The method provided by the application is characterized in that a text feature updating module based on a Long-Short Term Memory network (LSTM) uses the depth feature of the initial text description as an initial hidden state, and the depth feature of the current frame is input at set frame intervals to update the text feature as the hidden state, so that the depth text feature is expected to be correspondingly changed when the target moves or the appearance changes in the video. And then, fusing the updated depth character features with the depth visual features of the next set frame number. The target of each frame is detected based on the fusion characteristics by using a SimRPN method.

Past tracking algorithms typically employ detection or matching that randomly selects positive and negative samples from the data set during the training process. In order to update the deep text feature, the problem of time series must be taken into account. Therefore, the feature updating module is trained by using a serialized training method, each video segment is divided into the same number of segments, and the number of frames in each segment can be different.

The main contributions of the present application are as follows: a text feature updating module is provided to reduce the gap between text expression and visual information such as the position and appearance of a target. A serialized training method is provided to train a text feature update module to achieve the expectation of updating deep text features.

Single-target tracking using manually labeled target boxes is a long-standing challenge in the field of machine vision, and researchers have proposed many single-target tracking algorithms, typically algorithms based on Correlation Filter (CF) and algorithms based on Recurrent Neural Network (RNN). In recent years, twin structures based on matching networks have attracted increasing attention for their accuracy and efficiency. SiamFC, SiamRPN + +, SiamMask, etc. twin network based algorithms.

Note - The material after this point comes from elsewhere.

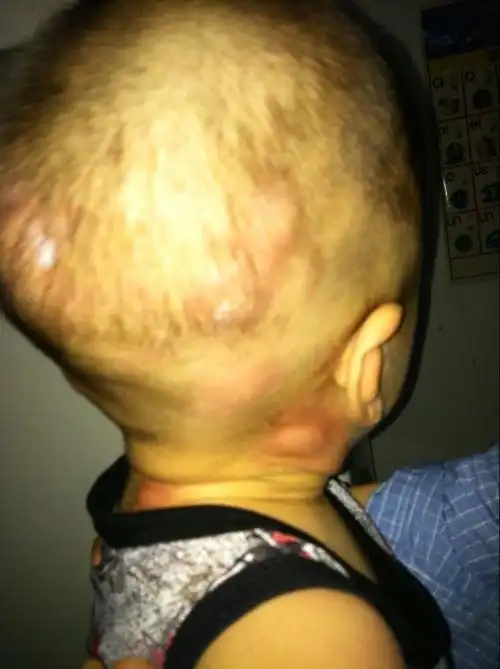 11个月的宝宝头上莫名起了很多大包包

In recent years, single-target tracking algorithm research based on word description is receiving more and more attention, but most algorithms regard the word description as global constraint of a single-target tracking subject, and the limitation of the word description is ignored.

Given a piece of video and a piece of text label related to a tracked target, the purpose of the application is to track the current target in the video. The main challenge in most scenarios is that text labels cannot accurately describe the position and appearance of the tracking target in different frames. To solve this problem, the present application proposes a tracking algorithm comprising two modules: a feature update module and a trace module, the details of which will be described below.

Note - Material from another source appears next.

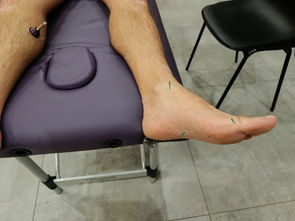 Les Bienfaits de l'Acupuncture, Ventouses et Moxibustion pour Votre Santé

A feature update module: the feature updating module aims to reduce the limitation of the character description in the single-target tracking subject and enable the updated deep character feature to better reflect the state of the tracking target. The feature update module presented herein accomplishes the task of feature update by using a set of LSTM networks.

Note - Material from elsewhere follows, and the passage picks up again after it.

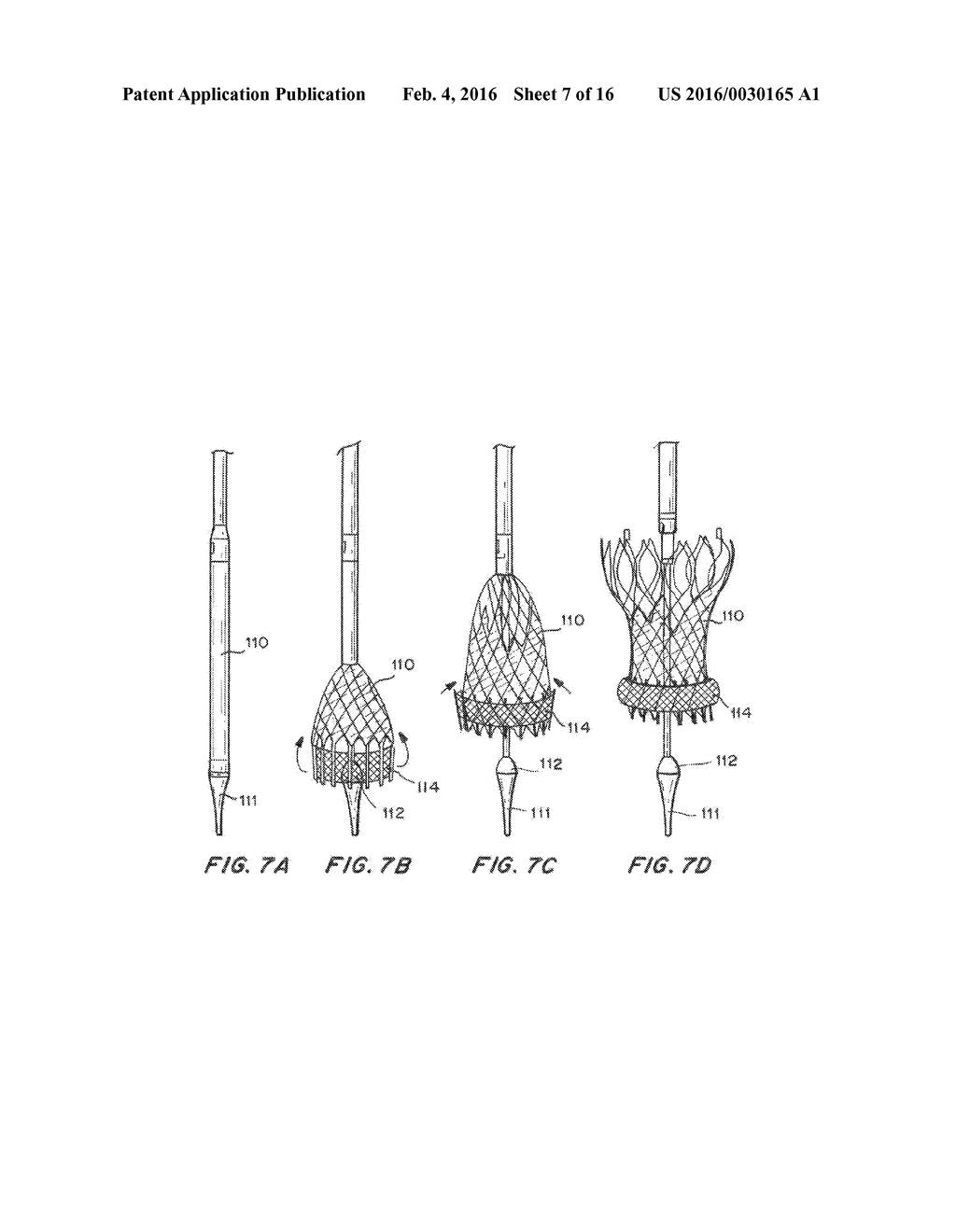 Means for Controlled Sealing of Endovascular Devices - diagram, schematic, and image 08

The feature update module contains three parallel LSTM units. Firstly, using a BERT (bidirectional Encoding retrieval from transforms) method to encode a character into a feature vector with 768 dimensions, then using a full-connection network to fully connect the character feature vector to 512 dimensions, then using the character feature as an initial hidden state of an LSTM unit at an initial time, and at a specific time t, updating the hidden state by the LSTM in the following way:

f_t＝σ(ω_f[l_t-1,v_t]+b_f)

i_t＝σ(ω_i[l_t-1,v_t]+b_i)

l_t＝f_tΘl_t-1+i_tΘtanh(ω_lv_t+b_l)

wherein l_tAnd v_tRespectively representing the hidden state of the LSTM initialized with textual features and the visual features of the input LSTM. f. of_tAnd i_tRespectively showing the forgetting gate and the input gate of the LSTM unit. The forgetting gate determines whether the value of the hidden state at the current time should be discarded, and the input gate determines whether the value of the depth visual feature input at the current time should be written. ω and b represent weights and bias parameters for trainable gate operations. σ and Θ denote sigmoid activation functions and Hamiltonian operations.

At time t, LSTM inputs depth visual features to handle hidden state l_t-1. By initializing the LSTM hidden state with text features and updating the hidden state through input gate and forget gate operations, the depth text features can change as the position and appearance of the tracking target changes.

The three parallel LSTM network input serialized deep visual feature updates the hidden state initialized by the character feature to update the character feature and enable the character feature to change along with the position and appearance change of the tracking target. The visual information of the video can be efficiently expanded and the deep text characteristics can be enriched.

In the structure of the twin network, the template image of the target and the search area image of the current frame are extracted and output with the ResNet50 network, and then the visual features with three different depths are input into three parallel LSTM networks after being globally pooled, and the depth character features updated by the LSTM networks will change with the visual features.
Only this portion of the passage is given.